Every couple years, I give the blogging game another try – a chance to lay out all my solutions to the problems of the world, “if I were czar,” as Dad would say, to get reactions to them, should I manage to find an audience, or to work them out for myself, should all my readers be imaginary.

I’m definitely a geek about politics. Beach reading isn’t the latest Danielle Steele (does she still write?) so much as the “why Obama is evil” genre, though that’s losing its charm. (Time to wander back to the history section.)

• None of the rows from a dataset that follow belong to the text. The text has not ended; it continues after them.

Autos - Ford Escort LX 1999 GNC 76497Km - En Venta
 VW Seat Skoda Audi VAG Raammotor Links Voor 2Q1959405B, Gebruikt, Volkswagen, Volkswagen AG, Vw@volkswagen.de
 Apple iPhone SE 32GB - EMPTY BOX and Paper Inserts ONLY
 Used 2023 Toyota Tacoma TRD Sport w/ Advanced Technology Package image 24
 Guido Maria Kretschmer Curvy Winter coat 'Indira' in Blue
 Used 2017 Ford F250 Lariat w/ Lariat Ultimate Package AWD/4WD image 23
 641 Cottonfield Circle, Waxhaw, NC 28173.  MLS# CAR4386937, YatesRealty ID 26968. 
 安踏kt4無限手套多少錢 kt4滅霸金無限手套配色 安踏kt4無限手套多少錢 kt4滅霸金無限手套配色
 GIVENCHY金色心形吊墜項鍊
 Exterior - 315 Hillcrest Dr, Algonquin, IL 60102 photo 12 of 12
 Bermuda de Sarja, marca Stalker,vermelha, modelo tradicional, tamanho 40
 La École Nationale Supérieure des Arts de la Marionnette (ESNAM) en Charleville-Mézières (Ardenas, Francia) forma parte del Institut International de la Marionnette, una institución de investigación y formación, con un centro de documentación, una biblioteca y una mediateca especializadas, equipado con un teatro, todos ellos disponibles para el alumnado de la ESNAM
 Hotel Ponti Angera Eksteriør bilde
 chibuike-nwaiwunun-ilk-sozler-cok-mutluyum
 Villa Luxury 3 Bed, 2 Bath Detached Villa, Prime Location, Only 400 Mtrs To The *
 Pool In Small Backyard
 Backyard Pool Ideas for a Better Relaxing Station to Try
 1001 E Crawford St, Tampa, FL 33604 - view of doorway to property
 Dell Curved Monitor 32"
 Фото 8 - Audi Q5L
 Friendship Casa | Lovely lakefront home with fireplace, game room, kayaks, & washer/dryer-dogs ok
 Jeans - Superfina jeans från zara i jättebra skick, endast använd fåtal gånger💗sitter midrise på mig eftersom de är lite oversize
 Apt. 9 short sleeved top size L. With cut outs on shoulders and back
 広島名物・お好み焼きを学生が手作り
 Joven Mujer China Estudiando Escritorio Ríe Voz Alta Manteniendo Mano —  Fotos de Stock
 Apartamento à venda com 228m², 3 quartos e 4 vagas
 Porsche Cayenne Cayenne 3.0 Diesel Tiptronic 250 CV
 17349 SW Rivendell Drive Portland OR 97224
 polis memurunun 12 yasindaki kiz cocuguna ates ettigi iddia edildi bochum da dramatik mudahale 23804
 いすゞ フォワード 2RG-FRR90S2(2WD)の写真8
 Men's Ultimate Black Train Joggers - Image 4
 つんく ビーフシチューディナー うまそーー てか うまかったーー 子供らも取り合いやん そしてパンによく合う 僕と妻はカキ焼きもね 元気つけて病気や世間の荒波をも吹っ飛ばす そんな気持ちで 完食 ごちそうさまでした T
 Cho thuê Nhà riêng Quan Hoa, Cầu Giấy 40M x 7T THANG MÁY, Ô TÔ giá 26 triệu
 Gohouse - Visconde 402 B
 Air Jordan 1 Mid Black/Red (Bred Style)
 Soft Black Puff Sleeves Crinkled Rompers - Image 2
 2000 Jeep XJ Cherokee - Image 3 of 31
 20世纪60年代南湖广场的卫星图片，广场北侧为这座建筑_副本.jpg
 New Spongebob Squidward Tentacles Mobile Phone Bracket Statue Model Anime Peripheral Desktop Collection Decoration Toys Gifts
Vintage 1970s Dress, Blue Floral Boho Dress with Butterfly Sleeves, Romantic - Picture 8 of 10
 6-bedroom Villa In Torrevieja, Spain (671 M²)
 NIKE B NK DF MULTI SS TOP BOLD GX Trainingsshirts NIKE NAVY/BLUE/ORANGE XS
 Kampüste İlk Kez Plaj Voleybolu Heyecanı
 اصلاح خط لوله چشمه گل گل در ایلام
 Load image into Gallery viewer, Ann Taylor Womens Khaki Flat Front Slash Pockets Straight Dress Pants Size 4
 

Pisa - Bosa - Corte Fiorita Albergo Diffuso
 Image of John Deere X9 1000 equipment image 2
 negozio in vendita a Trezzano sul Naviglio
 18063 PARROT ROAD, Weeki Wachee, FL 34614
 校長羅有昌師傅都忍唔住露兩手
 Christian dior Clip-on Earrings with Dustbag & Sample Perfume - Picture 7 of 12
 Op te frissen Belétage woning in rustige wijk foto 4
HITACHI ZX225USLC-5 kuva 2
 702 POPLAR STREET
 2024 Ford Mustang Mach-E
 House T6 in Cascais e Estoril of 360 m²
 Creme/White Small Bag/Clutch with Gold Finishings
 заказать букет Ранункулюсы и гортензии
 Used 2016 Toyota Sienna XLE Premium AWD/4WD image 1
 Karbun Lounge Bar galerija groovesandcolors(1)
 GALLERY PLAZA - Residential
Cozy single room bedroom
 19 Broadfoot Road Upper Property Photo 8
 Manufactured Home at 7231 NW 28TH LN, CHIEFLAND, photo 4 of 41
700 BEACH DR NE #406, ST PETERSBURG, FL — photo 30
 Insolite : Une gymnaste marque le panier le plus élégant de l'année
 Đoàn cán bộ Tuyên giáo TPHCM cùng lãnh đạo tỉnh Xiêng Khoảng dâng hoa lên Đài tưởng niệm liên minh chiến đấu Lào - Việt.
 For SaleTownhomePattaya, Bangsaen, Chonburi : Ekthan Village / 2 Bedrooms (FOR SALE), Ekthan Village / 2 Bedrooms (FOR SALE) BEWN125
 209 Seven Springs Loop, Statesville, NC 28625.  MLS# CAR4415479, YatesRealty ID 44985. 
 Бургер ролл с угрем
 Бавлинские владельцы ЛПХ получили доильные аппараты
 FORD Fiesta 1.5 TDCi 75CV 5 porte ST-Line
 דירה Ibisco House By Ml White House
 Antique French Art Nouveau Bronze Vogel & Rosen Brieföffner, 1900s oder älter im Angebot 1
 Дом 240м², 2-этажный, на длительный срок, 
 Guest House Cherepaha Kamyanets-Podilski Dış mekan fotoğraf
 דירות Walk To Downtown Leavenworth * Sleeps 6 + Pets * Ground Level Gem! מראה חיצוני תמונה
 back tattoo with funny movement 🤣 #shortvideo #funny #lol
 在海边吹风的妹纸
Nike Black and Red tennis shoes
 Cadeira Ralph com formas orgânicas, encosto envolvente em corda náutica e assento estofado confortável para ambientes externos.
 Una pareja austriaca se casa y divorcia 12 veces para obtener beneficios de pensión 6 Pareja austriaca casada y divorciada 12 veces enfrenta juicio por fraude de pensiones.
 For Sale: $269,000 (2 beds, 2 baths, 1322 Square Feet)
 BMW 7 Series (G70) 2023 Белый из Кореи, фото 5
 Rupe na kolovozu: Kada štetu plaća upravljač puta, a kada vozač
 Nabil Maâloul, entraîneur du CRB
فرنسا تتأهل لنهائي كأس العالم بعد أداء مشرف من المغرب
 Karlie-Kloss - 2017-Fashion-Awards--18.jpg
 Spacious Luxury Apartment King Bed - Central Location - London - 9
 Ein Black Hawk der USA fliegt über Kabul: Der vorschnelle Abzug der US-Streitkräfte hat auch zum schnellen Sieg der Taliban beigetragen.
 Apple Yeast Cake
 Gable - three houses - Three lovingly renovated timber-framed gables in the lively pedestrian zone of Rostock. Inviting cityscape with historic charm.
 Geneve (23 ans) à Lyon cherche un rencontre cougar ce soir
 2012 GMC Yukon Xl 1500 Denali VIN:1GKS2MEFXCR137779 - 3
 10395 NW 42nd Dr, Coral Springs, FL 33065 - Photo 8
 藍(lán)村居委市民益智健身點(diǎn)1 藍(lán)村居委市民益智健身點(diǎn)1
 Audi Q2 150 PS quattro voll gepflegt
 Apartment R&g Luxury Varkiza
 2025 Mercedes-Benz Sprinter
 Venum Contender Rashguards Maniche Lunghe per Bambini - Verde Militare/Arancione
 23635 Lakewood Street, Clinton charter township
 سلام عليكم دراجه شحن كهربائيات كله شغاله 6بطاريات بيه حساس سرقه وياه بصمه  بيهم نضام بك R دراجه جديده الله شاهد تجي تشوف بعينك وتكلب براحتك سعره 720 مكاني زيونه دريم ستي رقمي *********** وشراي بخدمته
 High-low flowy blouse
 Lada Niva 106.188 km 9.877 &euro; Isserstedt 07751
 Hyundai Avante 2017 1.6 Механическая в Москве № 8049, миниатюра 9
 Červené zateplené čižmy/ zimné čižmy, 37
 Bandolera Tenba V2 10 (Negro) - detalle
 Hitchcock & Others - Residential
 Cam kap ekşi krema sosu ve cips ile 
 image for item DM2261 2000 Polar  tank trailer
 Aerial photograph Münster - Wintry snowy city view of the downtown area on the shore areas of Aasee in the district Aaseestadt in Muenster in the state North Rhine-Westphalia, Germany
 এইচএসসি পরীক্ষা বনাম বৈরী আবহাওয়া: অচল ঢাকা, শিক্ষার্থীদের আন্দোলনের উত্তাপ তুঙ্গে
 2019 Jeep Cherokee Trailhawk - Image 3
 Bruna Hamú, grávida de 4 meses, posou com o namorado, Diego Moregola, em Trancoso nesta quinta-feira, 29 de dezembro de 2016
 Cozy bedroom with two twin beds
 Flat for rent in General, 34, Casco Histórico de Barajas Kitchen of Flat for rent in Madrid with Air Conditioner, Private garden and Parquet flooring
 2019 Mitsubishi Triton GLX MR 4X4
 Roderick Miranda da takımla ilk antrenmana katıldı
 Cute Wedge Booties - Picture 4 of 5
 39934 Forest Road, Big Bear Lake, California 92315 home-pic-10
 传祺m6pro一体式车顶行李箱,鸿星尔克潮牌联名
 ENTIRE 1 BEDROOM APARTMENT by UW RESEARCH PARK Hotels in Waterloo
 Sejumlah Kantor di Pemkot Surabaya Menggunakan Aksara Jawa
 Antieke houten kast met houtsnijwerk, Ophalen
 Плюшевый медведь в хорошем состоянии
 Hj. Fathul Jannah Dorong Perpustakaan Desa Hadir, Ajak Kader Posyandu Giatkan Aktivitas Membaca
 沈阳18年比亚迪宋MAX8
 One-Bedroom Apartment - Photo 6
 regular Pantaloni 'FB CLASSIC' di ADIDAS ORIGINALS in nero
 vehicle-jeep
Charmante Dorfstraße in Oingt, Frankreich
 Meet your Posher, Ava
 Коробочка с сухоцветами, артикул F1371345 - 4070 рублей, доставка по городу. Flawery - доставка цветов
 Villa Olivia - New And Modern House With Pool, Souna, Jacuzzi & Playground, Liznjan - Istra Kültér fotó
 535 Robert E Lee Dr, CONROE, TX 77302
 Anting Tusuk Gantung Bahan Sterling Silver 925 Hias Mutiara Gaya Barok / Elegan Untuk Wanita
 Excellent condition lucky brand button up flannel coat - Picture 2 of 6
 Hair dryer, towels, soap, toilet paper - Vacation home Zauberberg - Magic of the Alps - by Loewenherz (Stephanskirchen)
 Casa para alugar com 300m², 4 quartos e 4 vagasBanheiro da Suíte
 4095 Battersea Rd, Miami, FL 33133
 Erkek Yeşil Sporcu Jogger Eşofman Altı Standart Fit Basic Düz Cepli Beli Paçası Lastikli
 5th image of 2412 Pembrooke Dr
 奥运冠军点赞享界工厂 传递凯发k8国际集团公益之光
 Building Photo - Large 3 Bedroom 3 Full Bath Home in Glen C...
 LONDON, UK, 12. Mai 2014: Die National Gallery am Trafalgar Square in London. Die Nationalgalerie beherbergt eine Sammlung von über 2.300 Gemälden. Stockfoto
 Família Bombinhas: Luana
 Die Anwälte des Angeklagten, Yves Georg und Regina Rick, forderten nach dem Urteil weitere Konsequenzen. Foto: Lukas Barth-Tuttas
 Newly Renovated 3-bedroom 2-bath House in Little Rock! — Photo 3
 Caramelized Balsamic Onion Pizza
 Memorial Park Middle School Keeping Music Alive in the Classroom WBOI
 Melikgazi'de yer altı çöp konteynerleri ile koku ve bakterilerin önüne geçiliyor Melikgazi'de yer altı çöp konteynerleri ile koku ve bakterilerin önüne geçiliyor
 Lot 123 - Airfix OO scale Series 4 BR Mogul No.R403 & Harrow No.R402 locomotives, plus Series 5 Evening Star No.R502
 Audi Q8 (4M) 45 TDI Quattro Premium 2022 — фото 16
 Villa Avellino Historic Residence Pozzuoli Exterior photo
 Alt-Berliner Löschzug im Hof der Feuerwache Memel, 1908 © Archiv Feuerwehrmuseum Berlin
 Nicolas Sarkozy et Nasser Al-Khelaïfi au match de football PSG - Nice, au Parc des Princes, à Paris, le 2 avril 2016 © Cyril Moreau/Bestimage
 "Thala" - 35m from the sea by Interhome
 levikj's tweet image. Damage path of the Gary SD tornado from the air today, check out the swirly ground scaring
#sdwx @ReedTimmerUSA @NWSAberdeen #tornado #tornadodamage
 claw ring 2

I always thought, growing up, that I would follow family tradition and get involved in politics. Once upon a time, the whole family would go to the Republican campaign headquarters and make get-out-the-vote calls, or collate brochures. We went to a Reagan rally in ’80.  (Remember?  A recession is when your neighbor is out of a job.  A depression is when you’re out of a job.  And a recovery is when President Carter is out of a job!  Somewhere in a box in my parents’ house, I bet I still have a newspaper clipping.)  I helped out at the local state senator’s office in high school, and tagged along with the staff when Bush (G.H.W.) came to town in support of the candidate for governor. But that was then – life got in the way, and kids, and Illinois politics, in which the Republicans are just as corrupt as the Democrats (or were – now they’re just impotent), and now “involved in politics” consists mostly of letters to the editor and blog comments.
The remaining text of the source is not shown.